Following the trail of clues to Paris, Louise seeks help from her former boss Ian, with whom she shares a romantic history. The necklace leads them to discover the dark history of Lévitan—a once-glamorous department store that served as a Nazi prison, and Helaine, a woman who was imprisoned there, torn apart from her husband when the Germans invaded France.

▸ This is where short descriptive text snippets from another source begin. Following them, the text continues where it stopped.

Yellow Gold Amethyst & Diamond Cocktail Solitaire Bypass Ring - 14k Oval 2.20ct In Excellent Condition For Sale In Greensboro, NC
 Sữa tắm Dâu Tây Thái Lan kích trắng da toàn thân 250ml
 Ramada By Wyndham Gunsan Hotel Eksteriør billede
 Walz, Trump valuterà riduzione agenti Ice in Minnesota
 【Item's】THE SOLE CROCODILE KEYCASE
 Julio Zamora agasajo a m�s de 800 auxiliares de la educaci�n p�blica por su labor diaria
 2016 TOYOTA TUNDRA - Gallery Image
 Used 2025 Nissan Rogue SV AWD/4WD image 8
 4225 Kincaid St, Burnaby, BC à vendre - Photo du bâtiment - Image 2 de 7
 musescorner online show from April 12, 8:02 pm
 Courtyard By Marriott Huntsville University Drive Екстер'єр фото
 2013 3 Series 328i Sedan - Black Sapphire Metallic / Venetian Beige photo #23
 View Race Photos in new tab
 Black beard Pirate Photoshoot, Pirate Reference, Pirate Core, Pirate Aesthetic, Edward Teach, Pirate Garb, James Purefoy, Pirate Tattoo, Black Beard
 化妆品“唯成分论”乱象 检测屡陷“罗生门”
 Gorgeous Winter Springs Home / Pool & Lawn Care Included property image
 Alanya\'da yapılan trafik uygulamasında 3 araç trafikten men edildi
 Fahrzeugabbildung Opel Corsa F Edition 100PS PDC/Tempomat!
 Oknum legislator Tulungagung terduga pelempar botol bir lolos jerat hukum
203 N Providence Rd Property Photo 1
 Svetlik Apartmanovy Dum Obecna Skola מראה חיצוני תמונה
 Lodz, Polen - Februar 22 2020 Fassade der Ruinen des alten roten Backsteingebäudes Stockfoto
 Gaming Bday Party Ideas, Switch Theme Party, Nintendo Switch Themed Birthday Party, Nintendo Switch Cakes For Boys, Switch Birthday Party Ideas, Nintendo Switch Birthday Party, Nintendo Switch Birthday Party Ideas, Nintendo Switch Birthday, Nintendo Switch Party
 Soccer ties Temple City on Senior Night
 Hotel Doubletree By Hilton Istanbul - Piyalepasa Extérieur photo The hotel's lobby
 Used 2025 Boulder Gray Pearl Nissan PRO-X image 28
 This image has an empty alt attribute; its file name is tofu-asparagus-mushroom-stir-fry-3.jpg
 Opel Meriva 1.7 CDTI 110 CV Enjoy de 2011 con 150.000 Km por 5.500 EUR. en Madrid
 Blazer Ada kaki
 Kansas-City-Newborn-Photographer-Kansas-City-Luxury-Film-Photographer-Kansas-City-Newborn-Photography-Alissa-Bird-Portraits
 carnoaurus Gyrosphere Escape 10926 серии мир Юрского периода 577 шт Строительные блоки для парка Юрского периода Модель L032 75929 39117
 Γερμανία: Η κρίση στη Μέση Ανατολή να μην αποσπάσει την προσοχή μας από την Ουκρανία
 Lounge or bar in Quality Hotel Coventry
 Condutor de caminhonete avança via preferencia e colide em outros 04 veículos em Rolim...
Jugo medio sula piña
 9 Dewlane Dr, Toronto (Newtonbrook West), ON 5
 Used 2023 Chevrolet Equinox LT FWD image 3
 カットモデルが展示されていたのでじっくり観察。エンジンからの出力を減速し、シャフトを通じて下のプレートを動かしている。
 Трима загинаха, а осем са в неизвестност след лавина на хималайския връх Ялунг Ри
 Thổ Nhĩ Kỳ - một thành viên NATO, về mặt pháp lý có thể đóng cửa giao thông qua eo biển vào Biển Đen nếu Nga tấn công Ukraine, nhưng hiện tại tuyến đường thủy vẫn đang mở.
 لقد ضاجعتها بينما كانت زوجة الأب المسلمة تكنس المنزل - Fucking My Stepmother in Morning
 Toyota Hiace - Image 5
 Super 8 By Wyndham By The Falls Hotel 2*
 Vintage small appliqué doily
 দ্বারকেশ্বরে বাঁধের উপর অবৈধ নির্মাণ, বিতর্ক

Louise races to find the connection between the necklace, the department store and Franny’s death. But nothing is as it seems, and there are forces determined to keep the truth buried forever. Inspired by the true story of Lévitan, Last Twilight in Paris is both a gripping mystery and an unforgettable story about sacrifice, resistance and the power of love to transcend in even the darkest hours.
PUBLISHERS WEEKLY
Jenoff (Code Name Sapphire) delivers an artful parallel narrative of an Englishwoman's investigation into her friend's death during WWII, when they both volunteered for the Red Cross in Germany, and a Jewish woman interned in Paris by the Nazis. In 1953, Louise Burns finds a necklace with a heart pendant in a secondhand shop in Henley-on-Thames, and recognizes it as the one acquired by her friend Franny in Germany shortly before she was fatally struck by a car. Louise has always suspected Franny's death was somehow related to the necklace, and after tracing it back to Lévitan, a Paris department store, she travels to France, hoping to track down the necklace's most recent owner. Jenoff alternates Louise's sleuthing with the story of Helaine Weil, a young Jewish woman who defies her parents to marry a musician and winds up imprisoned at Lévitan after the Nazis convert the store to a work camp. As Louise learns of Lévitan's dark history, she uncovers shocking details about the necklace and about Helaine, who gave Franny the necklace before being taken prisoner. Jenoff offers a piercing depiction of Jewish life in Paris under German occupation, and keeps the pages turning with an intriguing mystery. Fans of WWII fiction will be riveted.